Microsoft Surface Tablet Hands-on: The Future of Windows

Microsoft says Windows 8 re-imagines its OS, and now we have hardware that re-imagines tablets to match. We just spent some time with the Surface for Windows RT tablet, an ARM-powered magnesium beauty with a built-in kickstand and very unique Touch Cover keyboard that does Apple's Smart Cover one better. Here's our initial impressions.

Made out of magnesium, the Surface is solidly built, yet light for a 10-inch tablet. At 1.5 pounds, it's a bit heavier and thicker than the iPad, but you're getting more real estate. It's also fairly thin, at just 0.4 inches thick. We liked the sturdy build, as well as the beveled edges, which made holding it fairly comfortable.

The tablet's integrated kickstand, which is quite sizable, also feels very sturdy for something so thin. Two small indentations on the long ends of the Surface allow you to flip it out easily, but we, along with some others here, struggled at first to figure it out. It was a small learning curve, though.

Aside from the kickstand, the other big hardware feature is the magnetic cover with the built-in keyboard. One version uses a touch-sensitive keyboard and touchpad, which measures how hard you press on its felt-like surface. It measures just 3 mm thick. A more traditional keyboard, with mechanical keys and touchpad, is about 5mm thick. Both snap on firmly to the tablet, and, in a neat trick, will change the background color of the Surface to match the color of the keyboard.

While a Microsoft representative said that typing on the touch keyboard was twice as efficient as typing on glass, the lack of any give still means it'll be less efficient than typing on a traditional layout. However, we did like the way it integrates with the Surface, and are a little surprised that something like this hasn't come out for the iPad yet.

Both tablets have a 10.6-inch ClearType display with Gorilla Glass. In our very brief hands-on time, flicking through menus and opening items was quick and smooth, and the screen had very wide viewing angles, too. Microsoft is being a little cagey on the resolution of the screen, though.

The RT version of the tablet will run an Nvidia Tegra processor, and measure about 0.4 inches thick and weigh 1.5 pounds. It will have a full-size USB 2.0 port, and come in 32GB and 64GB sizes. It will cost roughly the same as other ARM-based tablets--we're guessing in the $500 range--and be available right around the same time as Windows 8, later this year.

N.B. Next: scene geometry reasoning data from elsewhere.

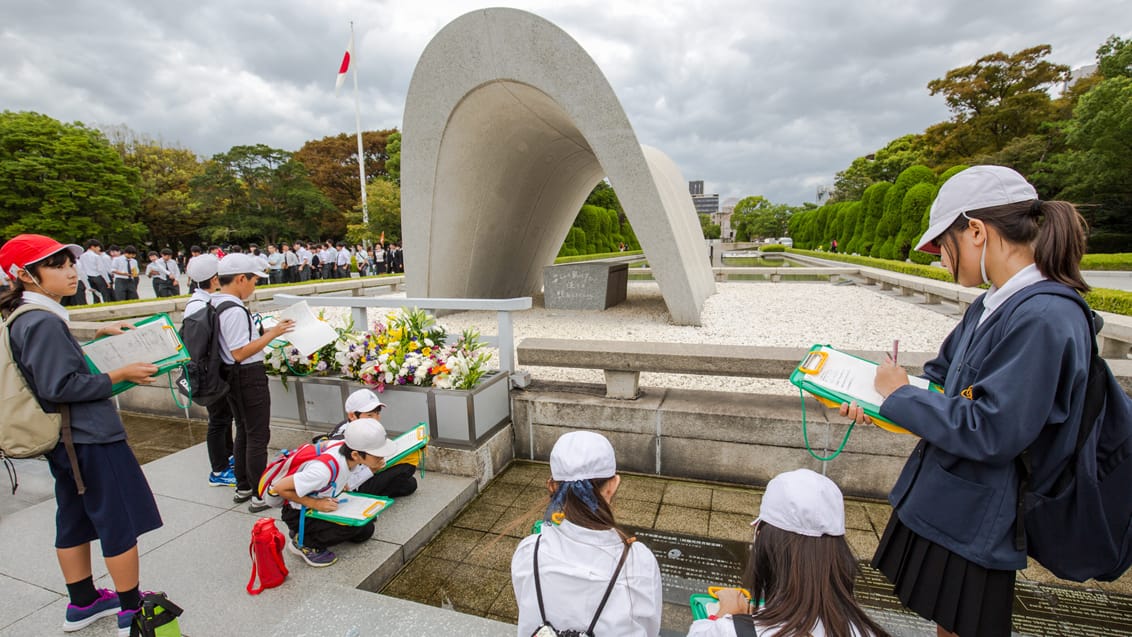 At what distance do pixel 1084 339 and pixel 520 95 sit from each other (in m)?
7.92

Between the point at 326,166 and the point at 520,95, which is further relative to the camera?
the point at 326,166

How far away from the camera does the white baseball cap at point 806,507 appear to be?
1333mm

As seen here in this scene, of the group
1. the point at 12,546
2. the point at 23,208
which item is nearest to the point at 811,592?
the point at 12,546

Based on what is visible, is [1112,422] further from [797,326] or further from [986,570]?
[797,326]

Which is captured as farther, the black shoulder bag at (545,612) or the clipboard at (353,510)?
the clipboard at (353,510)

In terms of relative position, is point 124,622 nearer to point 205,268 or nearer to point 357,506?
point 357,506

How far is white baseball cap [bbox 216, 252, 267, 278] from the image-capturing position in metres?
3.13

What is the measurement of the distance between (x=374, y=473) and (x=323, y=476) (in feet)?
1.57

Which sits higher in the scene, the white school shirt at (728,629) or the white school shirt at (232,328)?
the white school shirt at (232,328)

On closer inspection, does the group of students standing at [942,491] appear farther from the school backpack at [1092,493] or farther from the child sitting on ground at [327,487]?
the child sitting on ground at [327,487]

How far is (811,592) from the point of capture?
51.7 inches

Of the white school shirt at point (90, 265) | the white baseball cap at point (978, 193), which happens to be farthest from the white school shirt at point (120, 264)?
the white baseball cap at point (978, 193)

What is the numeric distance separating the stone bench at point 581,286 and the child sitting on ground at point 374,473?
7.17m

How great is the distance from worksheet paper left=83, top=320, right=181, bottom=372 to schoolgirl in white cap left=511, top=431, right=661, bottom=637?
2.22 m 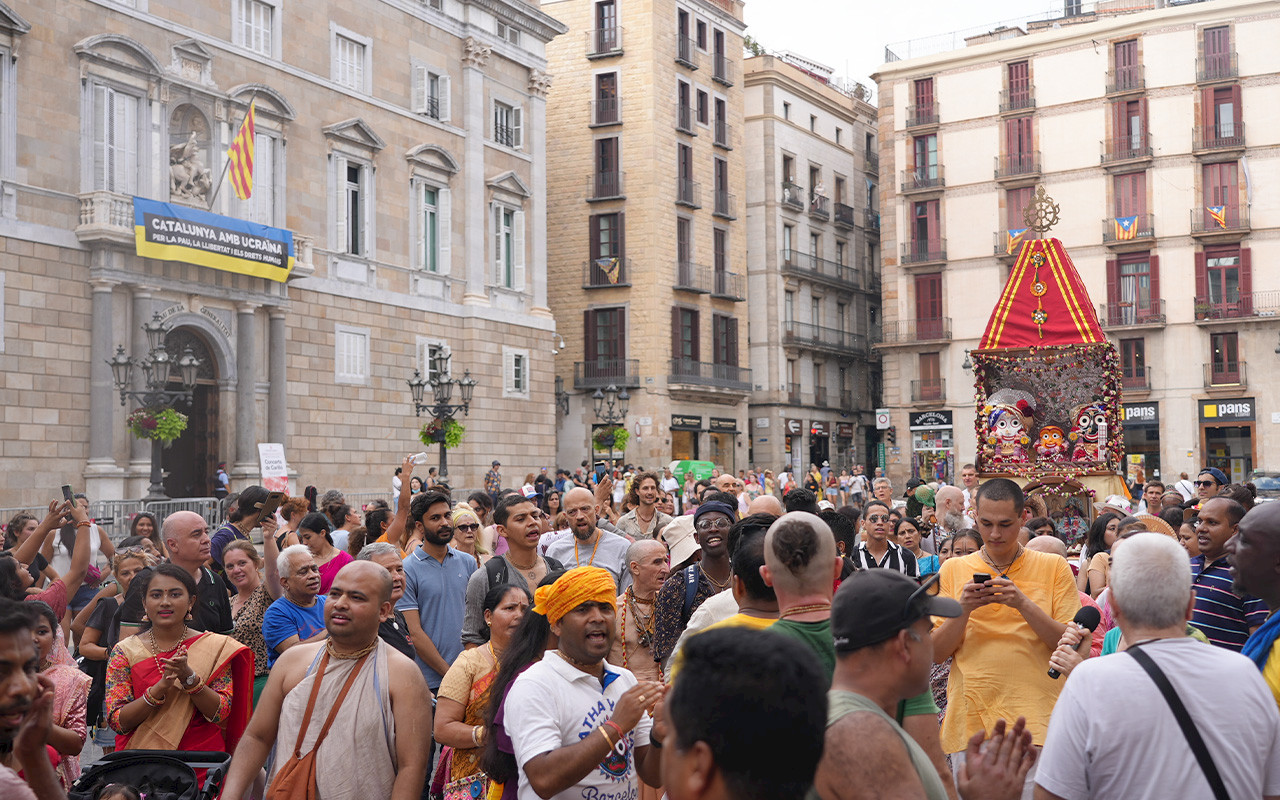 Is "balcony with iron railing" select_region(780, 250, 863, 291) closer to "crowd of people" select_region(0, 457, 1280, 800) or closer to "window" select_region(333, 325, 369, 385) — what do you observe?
"window" select_region(333, 325, 369, 385)

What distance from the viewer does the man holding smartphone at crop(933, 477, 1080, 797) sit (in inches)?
201

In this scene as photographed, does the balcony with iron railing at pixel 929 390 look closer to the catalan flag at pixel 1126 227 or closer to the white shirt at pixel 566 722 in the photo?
the catalan flag at pixel 1126 227

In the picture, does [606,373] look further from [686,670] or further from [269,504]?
[686,670]

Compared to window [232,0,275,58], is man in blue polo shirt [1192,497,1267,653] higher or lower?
lower

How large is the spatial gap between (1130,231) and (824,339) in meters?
11.8

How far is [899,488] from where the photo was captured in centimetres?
4388

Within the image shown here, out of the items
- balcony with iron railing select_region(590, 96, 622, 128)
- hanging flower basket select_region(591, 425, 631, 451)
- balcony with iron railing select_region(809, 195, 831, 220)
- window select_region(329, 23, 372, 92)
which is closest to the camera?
window select_region(329, 23, 372, 92)

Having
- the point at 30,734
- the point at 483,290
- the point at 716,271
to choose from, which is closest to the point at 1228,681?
the point at 30,734

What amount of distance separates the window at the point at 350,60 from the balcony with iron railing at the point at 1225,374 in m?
28.9

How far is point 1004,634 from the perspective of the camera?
525 centimetres

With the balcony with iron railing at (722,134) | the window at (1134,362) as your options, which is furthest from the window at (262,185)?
the window at (1134,362)

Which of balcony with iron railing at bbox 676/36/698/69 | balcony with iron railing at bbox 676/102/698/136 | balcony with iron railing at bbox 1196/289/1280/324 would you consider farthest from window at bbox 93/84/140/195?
balcony with iron railing at bbox 1196/289/1280/324

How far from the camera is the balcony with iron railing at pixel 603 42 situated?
37781 millimetres

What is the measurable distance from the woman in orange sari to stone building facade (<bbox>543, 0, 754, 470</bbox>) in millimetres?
31902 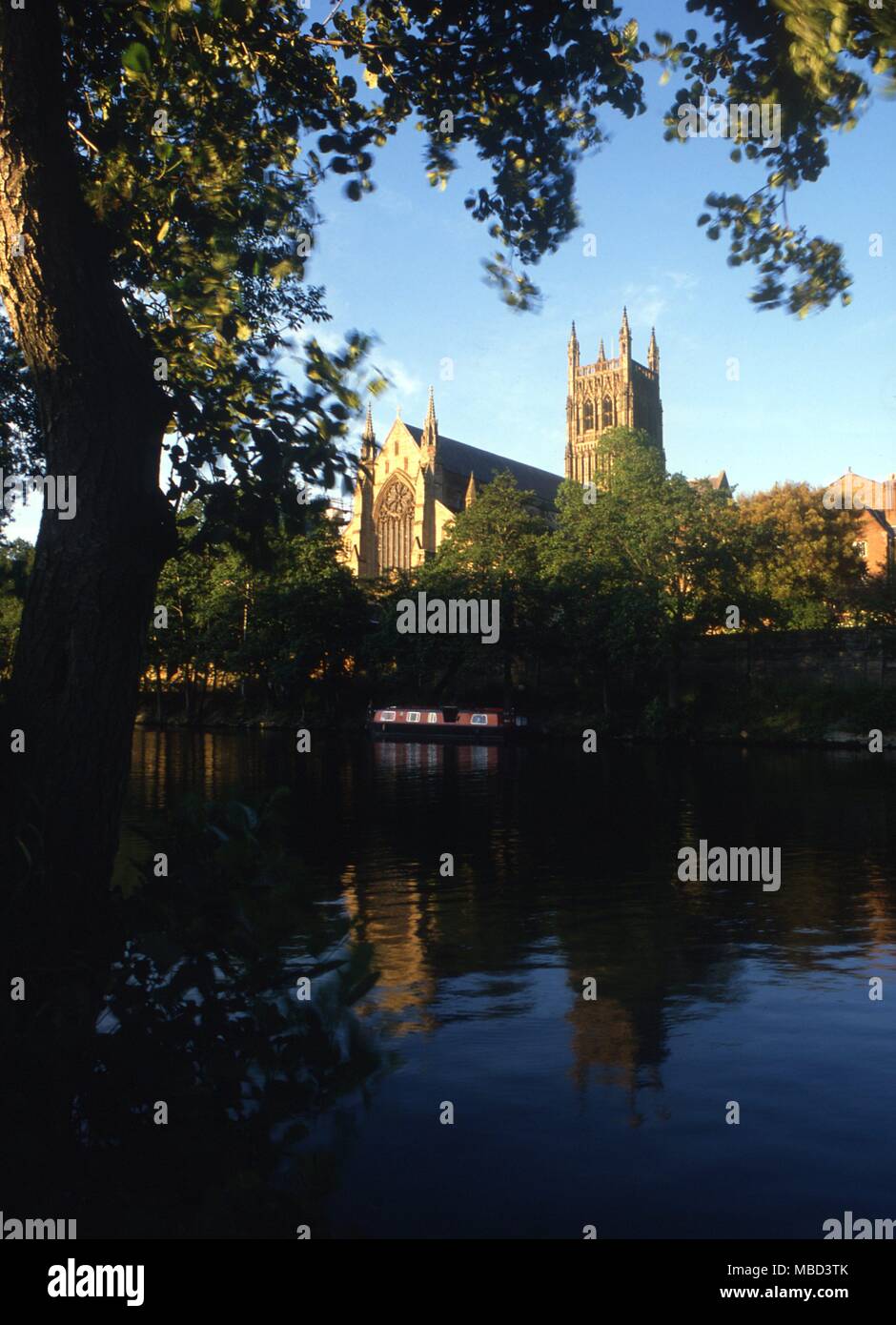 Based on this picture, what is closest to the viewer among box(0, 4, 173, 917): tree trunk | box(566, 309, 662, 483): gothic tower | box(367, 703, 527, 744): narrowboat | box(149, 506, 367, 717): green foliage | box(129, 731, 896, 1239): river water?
box(0, 4, 173, 917): tree trunk

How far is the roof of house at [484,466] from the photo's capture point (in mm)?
113562

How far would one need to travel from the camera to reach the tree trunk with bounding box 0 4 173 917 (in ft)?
15.7

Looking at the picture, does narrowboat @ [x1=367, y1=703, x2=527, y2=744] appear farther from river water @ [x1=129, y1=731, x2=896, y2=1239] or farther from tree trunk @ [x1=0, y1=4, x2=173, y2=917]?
tree trunk @ [x1=0, y1=4, x2=173, y2=917]

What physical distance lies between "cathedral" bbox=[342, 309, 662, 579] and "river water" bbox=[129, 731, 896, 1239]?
7855 centimetres

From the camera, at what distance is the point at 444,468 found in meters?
110

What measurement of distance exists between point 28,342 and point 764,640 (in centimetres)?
6120

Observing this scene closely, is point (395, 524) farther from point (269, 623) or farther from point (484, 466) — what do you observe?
point (269, 623)

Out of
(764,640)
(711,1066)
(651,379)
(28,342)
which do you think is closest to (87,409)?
(28,342)

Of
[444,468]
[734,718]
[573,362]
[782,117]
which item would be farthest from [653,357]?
[782,117]

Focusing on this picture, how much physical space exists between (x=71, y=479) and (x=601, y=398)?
413 feet

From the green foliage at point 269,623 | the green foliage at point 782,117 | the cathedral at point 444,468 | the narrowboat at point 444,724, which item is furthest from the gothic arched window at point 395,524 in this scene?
the green foliage at point 782,117

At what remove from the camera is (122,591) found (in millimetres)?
4973

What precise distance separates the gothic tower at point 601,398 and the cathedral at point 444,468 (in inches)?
4.4

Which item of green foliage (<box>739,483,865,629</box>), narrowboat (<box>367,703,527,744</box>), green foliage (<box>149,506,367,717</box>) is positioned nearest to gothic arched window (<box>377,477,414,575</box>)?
green foliage (<box>149,506,367,717</box>) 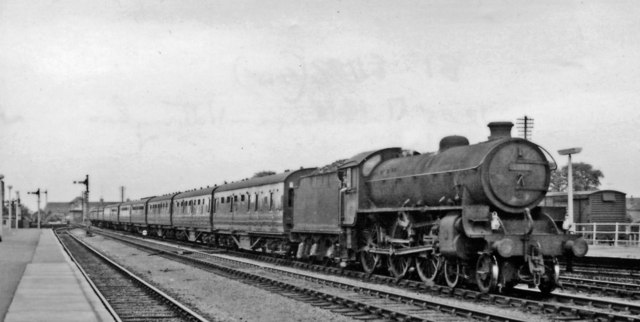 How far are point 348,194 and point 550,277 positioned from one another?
6128 millimetres

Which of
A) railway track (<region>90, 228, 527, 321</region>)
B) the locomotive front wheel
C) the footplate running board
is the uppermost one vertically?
the footplate running board

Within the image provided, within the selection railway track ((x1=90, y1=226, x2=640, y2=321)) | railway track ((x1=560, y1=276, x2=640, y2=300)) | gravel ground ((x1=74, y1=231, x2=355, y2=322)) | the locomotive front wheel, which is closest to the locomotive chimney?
railway track ((x1=90, y1=226, x2=640, y2=321))

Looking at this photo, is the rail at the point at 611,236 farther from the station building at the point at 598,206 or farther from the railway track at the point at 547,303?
the railway track at the point at 547,303

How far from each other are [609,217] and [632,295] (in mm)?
26170

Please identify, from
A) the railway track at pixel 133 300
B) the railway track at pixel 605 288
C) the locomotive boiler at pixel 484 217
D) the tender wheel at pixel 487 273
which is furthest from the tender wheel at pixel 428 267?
the railway track at pixel 133 300

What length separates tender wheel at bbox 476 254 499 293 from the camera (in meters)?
12.4

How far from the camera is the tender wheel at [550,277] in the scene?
12842 mm

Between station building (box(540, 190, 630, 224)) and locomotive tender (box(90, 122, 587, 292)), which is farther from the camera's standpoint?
station building (box(540, 190, 630, 224))

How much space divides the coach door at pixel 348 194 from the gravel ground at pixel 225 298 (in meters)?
3.29

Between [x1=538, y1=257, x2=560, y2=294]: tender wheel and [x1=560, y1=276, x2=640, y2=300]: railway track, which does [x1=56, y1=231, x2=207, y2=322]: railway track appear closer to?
[x1=538, y1=257, x2=560, y2=294]: tender wheel

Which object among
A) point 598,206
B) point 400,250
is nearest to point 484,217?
point 400,250

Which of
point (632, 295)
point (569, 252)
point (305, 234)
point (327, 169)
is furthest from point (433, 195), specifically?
point (305, 234)

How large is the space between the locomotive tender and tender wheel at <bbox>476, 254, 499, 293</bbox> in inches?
0.7

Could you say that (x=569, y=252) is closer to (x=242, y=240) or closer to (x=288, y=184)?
(x=288, y=184) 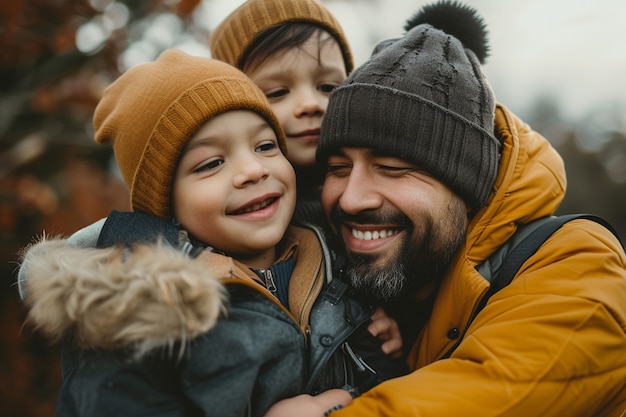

The Windows 8 Pro version will be a slightly thicker 0.53 inches, and come in at a heavier 2 pounds. That's because this tablet will have an Intel Ivy Bridge Core i5 processor. Unlike the RT version, this Surface tablet will have a USB 3.0 port, and support Pen input with palm rejection. Microsoft says that it will come in 64GB and 128GB flavors, and will be available about three months after Windows 8.